PORT-AU-PRINCE (HAITI), JUNE 24 – Cholera and babies left behind by UN peacekeepers were among the issues on the agenda of a three-day visit to Haiti by a Security Council delegation. The Council stressed that it has accomplished the objectives of the mission, including a first-hand look into how best the United Nations could contribute to the country’s lasting stability and development.“I am glad to report that the objectives of the visit were met,” Sacha Sergio Llorentty Soliz, Bolivia’s Permanent Representative to the UN, who led the Council delegation, told a press conference in Port-au-Prince, Haiti.

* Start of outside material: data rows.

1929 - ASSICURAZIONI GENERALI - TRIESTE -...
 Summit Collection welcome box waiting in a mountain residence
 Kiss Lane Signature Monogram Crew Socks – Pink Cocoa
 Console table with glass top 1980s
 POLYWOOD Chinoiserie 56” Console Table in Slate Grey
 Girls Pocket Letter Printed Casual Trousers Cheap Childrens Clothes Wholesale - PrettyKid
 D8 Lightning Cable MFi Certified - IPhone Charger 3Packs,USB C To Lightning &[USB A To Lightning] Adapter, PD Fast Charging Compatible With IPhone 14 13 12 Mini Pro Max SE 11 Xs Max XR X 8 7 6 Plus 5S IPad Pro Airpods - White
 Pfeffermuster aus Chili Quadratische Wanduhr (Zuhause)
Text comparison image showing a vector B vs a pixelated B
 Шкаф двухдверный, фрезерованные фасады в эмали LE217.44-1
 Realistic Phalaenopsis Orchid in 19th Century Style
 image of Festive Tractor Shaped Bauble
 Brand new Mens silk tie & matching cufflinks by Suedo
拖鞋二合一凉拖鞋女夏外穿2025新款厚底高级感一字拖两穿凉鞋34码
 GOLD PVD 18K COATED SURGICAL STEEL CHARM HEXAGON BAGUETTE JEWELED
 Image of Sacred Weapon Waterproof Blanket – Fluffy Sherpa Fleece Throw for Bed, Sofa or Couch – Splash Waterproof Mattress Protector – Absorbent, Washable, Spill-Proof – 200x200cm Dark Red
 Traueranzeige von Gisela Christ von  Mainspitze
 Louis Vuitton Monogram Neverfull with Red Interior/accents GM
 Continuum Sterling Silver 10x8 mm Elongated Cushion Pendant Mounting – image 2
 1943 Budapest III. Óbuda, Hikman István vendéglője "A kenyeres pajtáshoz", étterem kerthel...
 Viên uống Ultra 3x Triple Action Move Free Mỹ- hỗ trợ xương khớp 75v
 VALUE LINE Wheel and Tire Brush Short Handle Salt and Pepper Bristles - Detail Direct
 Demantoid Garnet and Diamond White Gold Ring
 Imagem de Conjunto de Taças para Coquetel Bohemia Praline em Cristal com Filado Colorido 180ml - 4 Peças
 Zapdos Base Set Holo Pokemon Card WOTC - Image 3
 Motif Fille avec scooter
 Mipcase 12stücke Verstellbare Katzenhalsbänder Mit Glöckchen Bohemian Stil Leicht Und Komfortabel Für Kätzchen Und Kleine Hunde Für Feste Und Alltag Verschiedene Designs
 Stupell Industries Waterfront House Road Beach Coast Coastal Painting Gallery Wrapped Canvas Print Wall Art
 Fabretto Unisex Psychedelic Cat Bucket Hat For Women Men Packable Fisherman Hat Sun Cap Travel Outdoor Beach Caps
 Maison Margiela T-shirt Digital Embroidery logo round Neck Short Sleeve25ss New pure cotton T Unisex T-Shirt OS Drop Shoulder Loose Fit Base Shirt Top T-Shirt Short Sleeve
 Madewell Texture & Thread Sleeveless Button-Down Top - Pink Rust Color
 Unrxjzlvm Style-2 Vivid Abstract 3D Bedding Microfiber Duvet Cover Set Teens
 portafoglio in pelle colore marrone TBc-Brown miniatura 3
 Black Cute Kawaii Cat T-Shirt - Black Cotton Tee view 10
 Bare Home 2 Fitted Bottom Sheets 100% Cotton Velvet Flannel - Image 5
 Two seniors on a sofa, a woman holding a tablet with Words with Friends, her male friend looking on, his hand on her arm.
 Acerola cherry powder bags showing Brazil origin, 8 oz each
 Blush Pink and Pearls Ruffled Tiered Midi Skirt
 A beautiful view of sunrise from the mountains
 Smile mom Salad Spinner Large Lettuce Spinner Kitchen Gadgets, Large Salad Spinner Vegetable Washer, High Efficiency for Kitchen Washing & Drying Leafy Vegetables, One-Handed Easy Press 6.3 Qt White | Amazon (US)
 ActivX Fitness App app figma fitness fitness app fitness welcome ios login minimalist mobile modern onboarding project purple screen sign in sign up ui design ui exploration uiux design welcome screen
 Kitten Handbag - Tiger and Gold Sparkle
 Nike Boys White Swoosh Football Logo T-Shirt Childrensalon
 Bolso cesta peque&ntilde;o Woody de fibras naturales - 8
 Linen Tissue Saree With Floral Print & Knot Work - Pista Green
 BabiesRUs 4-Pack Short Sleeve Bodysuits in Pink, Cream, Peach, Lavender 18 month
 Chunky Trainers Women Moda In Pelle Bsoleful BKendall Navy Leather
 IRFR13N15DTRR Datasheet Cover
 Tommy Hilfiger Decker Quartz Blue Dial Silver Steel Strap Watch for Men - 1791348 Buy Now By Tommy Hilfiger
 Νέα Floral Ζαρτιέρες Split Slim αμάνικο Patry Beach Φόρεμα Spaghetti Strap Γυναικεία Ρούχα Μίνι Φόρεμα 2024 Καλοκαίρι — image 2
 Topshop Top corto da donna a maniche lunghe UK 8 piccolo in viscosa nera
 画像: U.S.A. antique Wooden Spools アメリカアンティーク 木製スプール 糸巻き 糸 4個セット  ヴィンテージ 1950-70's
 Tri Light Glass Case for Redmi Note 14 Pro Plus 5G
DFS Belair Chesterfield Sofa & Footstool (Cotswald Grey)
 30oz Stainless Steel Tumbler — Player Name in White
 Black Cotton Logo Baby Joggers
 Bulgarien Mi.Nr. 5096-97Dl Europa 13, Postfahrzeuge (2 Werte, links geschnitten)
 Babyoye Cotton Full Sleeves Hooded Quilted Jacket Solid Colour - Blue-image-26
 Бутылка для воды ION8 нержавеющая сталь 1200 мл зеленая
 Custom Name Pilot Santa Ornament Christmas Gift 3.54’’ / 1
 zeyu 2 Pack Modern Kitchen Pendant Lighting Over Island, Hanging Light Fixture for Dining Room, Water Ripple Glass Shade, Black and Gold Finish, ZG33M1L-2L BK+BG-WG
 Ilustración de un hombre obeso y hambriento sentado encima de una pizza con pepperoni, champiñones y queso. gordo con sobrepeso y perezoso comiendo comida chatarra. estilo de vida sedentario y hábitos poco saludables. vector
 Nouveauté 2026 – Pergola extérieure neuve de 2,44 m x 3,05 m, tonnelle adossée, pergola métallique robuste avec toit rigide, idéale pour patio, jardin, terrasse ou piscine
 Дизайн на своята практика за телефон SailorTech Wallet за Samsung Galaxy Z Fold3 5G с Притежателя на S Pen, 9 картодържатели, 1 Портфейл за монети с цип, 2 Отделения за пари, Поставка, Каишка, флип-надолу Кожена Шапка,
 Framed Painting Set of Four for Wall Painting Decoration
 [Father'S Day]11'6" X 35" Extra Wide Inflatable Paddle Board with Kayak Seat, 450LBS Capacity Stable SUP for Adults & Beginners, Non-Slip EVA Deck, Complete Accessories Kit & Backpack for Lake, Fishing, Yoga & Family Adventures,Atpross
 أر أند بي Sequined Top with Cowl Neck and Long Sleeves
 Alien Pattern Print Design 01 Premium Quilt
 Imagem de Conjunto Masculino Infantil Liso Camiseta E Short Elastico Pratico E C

“With this visit, we have reaffirmed the Security Council’s commitment towards the government and the people of Haiti and towards its institutional strengthening in order to contribute to its stability and development,” he added. Bolivia holds the Council’s presidency for the month of June.
Members, including Italy’s Deputy Permanent representative Inigo Lambertini, heard a variety of concerns during the discussions, which began with President Jovenel Moïse on Thursday and concluded late Friday with members of the judiciary and the heads of national accountability institutions, including Haiti’s Central Financial Intelligence Unit chief Jean-Francois Sonel, who has come under fire after he forwarded a money-laundering investigation on the president’s finances to an investigative judge ahead of Moïse’s Feb. 7 swearing in. While in Haiti, Lambertini met with the representatives for UNHCR, Giuseppe Calandruccio, and OCHA, Enzo Taranto, both Italian nationals. he also paid respect to the victims of the 2010 earthquake, among them Cecilia Corneo and Guido Galli.
Among the issues Haitians raised: the lack of independence of the judiciary; the need for the U.N. to compensate victims of cholera; the abandoned children of peacekeepers; and the desire for a new, smaller mission to be Haiti’s last.
In resolution 2350 of 13 April, the 15-member Council extended the mandate of the UN Stabilization Mission in Haiti (MINUSTAH) for a final six months, deciding to replace it with a smaller follow-up peacekeeping mission that would help the Government of Haiti strengthen rule-of-law institutions, further develop and support the Haitian National Police and engage in human rights monitoring, reporting and analysis.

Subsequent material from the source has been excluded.